Stored data entries

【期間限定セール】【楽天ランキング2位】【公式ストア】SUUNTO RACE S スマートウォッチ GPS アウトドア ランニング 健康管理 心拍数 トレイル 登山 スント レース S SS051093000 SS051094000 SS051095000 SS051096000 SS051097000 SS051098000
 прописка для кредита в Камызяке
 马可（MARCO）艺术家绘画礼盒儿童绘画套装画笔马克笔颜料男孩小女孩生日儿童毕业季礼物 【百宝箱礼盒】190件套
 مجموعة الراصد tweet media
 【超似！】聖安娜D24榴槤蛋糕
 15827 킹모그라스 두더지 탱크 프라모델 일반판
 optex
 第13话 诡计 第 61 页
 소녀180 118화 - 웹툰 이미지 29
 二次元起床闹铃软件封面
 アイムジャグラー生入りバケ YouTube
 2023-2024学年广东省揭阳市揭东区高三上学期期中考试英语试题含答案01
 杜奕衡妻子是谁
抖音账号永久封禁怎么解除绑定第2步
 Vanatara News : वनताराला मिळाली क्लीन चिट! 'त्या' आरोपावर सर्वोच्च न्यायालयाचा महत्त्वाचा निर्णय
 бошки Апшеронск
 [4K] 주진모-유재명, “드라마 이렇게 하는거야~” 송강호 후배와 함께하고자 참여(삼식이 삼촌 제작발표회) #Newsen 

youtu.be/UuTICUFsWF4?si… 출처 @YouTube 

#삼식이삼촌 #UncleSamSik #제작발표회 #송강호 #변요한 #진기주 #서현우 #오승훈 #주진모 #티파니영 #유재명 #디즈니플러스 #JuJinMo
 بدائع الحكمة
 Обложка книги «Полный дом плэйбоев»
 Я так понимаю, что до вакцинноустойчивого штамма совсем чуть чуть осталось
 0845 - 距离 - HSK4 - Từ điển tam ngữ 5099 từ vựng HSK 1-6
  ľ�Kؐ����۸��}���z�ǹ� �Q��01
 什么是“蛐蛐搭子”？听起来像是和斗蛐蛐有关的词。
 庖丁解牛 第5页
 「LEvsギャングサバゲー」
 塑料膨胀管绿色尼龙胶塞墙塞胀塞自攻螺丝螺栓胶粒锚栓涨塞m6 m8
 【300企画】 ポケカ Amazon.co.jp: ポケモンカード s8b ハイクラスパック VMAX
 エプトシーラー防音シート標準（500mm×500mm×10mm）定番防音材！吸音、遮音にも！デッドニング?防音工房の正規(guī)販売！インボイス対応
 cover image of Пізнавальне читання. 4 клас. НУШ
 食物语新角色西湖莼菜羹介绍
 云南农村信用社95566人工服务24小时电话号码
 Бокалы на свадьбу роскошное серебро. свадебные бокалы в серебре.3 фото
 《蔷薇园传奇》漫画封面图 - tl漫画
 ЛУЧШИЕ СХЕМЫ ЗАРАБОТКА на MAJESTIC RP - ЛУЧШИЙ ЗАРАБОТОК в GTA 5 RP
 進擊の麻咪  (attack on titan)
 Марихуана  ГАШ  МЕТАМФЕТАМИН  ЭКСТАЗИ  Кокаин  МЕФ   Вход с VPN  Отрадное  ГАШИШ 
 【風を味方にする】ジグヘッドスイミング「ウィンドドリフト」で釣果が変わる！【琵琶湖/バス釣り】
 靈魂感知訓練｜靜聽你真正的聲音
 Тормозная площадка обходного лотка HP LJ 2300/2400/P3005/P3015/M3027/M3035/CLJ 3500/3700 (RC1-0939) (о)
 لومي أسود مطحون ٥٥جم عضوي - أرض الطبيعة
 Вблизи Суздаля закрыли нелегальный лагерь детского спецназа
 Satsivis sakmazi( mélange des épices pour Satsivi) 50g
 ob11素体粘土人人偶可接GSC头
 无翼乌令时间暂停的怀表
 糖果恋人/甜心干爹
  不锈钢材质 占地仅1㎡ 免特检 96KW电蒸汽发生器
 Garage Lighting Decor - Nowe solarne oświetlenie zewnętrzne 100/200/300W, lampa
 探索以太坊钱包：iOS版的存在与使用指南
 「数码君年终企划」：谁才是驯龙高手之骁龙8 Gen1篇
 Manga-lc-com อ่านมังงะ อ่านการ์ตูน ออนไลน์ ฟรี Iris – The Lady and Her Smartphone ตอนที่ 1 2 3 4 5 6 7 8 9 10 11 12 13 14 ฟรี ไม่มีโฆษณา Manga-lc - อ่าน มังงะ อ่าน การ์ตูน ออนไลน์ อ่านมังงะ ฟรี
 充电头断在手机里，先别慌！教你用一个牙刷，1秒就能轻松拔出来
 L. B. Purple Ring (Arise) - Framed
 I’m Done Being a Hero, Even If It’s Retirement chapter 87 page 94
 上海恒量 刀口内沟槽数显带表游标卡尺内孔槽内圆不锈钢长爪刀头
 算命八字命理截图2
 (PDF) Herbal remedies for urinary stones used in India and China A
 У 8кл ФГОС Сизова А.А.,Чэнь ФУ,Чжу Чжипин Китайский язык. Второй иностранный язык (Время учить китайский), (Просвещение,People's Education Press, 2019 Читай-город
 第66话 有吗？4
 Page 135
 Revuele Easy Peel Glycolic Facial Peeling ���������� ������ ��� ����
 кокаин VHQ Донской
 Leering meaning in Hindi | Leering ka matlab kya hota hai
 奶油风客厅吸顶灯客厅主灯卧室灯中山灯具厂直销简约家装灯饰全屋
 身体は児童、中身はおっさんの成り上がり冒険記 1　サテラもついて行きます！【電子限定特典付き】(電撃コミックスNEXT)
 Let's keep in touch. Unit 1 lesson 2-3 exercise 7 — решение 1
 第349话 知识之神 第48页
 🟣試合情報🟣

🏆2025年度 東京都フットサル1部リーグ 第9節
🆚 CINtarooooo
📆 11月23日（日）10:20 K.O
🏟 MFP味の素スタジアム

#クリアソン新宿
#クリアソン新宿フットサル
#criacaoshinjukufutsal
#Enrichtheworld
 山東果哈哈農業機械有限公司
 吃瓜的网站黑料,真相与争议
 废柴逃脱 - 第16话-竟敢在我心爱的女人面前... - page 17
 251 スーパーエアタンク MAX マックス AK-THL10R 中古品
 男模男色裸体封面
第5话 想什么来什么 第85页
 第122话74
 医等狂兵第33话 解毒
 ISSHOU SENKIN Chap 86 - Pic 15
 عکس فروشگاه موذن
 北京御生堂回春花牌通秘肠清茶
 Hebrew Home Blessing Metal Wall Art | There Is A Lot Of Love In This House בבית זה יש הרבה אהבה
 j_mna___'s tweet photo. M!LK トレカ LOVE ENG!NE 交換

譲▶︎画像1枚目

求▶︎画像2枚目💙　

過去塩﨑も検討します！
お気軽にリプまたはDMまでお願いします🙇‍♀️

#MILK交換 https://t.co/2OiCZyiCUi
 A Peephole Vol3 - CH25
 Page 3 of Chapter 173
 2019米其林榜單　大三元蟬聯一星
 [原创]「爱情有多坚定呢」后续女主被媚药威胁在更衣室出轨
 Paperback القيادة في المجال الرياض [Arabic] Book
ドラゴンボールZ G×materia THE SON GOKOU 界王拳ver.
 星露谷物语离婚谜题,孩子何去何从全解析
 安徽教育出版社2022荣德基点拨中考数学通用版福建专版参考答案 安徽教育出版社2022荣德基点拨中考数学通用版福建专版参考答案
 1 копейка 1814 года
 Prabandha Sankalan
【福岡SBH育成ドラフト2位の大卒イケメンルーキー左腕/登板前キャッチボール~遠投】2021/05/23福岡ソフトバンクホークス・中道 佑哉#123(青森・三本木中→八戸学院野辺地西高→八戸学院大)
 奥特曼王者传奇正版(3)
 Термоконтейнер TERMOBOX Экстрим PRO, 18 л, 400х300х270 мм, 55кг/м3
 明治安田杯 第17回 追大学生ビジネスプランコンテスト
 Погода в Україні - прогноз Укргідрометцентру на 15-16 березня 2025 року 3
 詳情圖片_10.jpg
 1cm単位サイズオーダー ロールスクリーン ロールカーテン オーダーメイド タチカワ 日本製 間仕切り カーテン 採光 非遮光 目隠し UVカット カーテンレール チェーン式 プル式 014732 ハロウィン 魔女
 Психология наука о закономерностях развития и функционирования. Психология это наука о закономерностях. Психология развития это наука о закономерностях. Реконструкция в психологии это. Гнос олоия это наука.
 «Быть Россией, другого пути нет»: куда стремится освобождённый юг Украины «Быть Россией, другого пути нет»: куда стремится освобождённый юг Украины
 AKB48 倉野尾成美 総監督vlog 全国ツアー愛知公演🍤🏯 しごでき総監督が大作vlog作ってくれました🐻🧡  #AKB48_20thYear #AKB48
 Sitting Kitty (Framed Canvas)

• **What to work on**: What must be returned is a bare number, the count of lines in the entries holding the string "YouTube".

• **Task result**: 2